Other educational contexts suited me better: I
presented craft programs on TV, a children's radio program on the NZBC, workshops at the
'Y', and craft courses in conjunction with further education programs.
Returning from Japan with lots to share I had begun
teaching again. This time, however, the subjects were those dearest to my heart, and my students were
as enthusiastic as their teacher. My interest in education was
deepening, especially in the areas of visual language and creativity:
What is the nature of the creative mind? Can it be cultivated? What
conditions foster it? What stifles it? What is the relationship between creative
thinking, learning, and human consciousness?
Questions like these took me to an international school in England where I found an educational approach that
didn't clash with my instincts. At Brockwood Park I worked with students from
all over the world in an extraordinary atmosphere of open inquiry.
Brockwood Park School was founded by the philosopher J Krishnamurti.
His ideas about education were decades before their time, and are only now filtering through
into mainstream educational systems. The aim at the schools he founded was to create an atmosphere where the
students' natural interests and creative abilities could flower – without sacrificing academic excellence.
Krishnamurti had passed on by the time I arrived at the school, but I was privileged to meet another great
creative thinker there – David Bohm, famous for his work in classical and quantum physics. It was
David
who really clarified my understanding about the nature of creativity, and who
inspired me to pursue my passionate interest in the subject.
As an art teacher at these schools I was less concerned with coaching students to produce a
certain kind of art product or pass exams (although their results were excellent), than to inquire with them
into the creative process. The students playfully referred to the art barn as
the de-conditioning chamber!
The school in England was linked with schools in America and India, and my work took me to
most of them. It was a decade of travel and teaching, with no studio base. I
carried little, and found that deprivation of normal studio conditions seeded
many questions:
What if I only worked with materials picked up or given?
What if such
limitations were really potent ways of going beyond one's comfortable and
habitual ways of working?
Genuine creativity seemed to be dependent on the absence of predictive plans, but what might happen if
one's usual materials and tools were also absent?
During this time my visual notebook evolved into what I came to call my 'X-File'.

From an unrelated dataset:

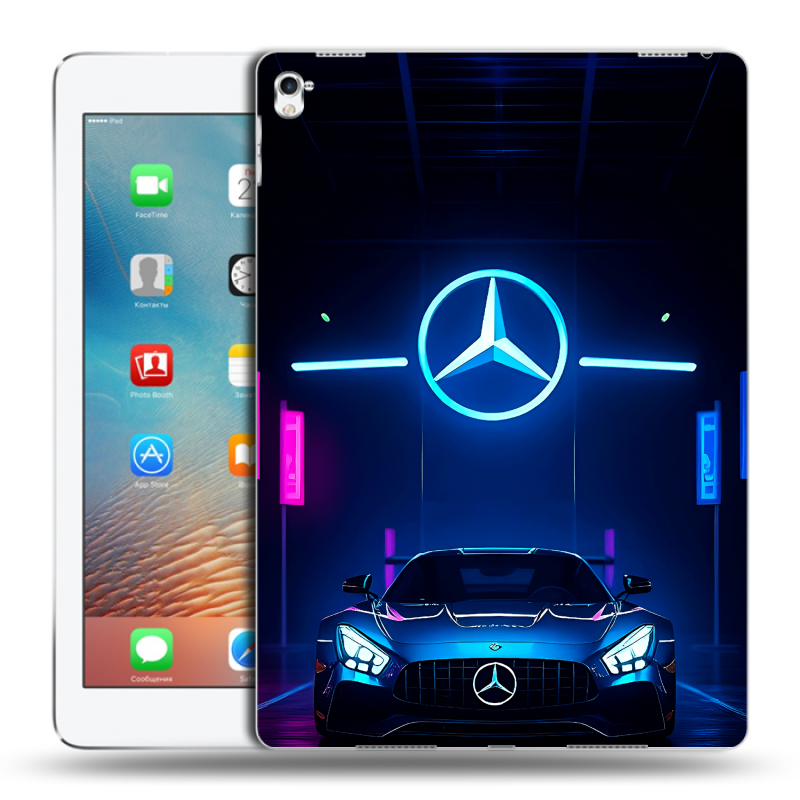 Силиконовый чехол на Ipad Pro 9.7 с принтом Mercedes Мерседес Силиконовый чехол на Ipad Pro 9.7 с принтом Mercedes Мерседес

(Think x-periment, x-plore, x-press, x-tend, x-cavate...) It was sketchbook and journal and diary and scrapbook all bound
up between one set of covers, and it was a vital companion, ensuring ideas were
archived for later when I'd have access to a studio again.
While I was accepting commissions during this time, I wasn't concerned with exhibiting.
I was simply 'following fancy'. But as I became more and more committed to exploring and expressing genuine creativity,
fancy took on a wholly impersonal nature.
It was clear to me that any of the work 'I' made that felt truly authentic had
somehow flowered out of my absence.
Who or what, then, was doing the 'following'?